Alina Mungiu-Pippidi
The action of US President Donald Trump to halt the enforcement of the Foreign Corruption Practice Act (FCPA) can be easily understood if one looks at this map:

At first sight, yes, US companies were at a great disadvantage because they could not bribe abroad – hence the largest number of convictions related to them. But check the table on the right, and the situation changes. While the enforcement started with US companies, it caught up in later years and hit massively the European competitors of the US. Just think of Airbus, who settled not to get a conviction, confessing to twenty years of malpractice. Europeans still claim this was a US plot to help Boeing. FCPA may have applied to the US only for the first decades, but then it gradually extended its jurisdiction to everyone with a USD account. Just compute the total number of convictions of European countries in the table (we are no match for the US taken one by one), and you will discover that in recent years, Europe has caught up. Even high-reputation countries in the Corruption Perception Index (which measures reputation), like Sweden, had to confess and pay huge fines. The law was levelling the field – by moving the standards up. But for a superficial observer, US was at a big (historical) disadvantage still- so why not turn history back. Due to US efforts to make it adopted, the OECD anti-bribery convention is still there, so no, it’s not legal again to bribe. It’s just that enforcement has ceased, and we can now rival the Chinese in bribes again.

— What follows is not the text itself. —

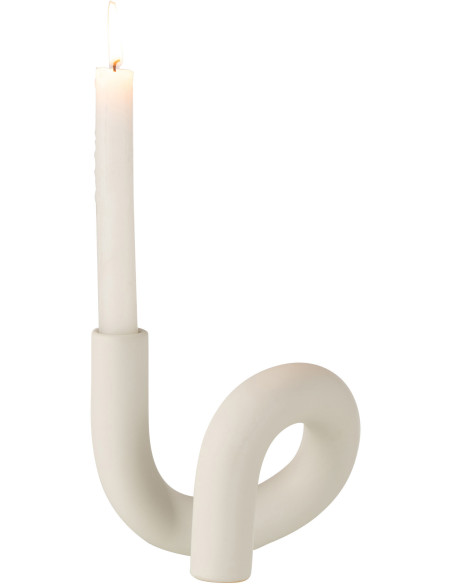 Bougeoir Tordu Torsion Hauteur 15 cm en Céramique Blanc - 2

“It’s going to mean a lot more business for America,” Trump said when signing the executive order on Monday.
Do you want a bet? Besides punishing honest US companies and all the companies in the world, which paid expensively to comply with anti-bribery regulations, this decision will not bring more business to the US. It may lower the global value of bribes, however, now that more competitors for the favours of corrupt governments exist while abandoning any pretence of the moral superiority of the West. And how much time will pass before the empowered foreign kleptocrats buy openly favors in the DC market, as they used to do before Watergate?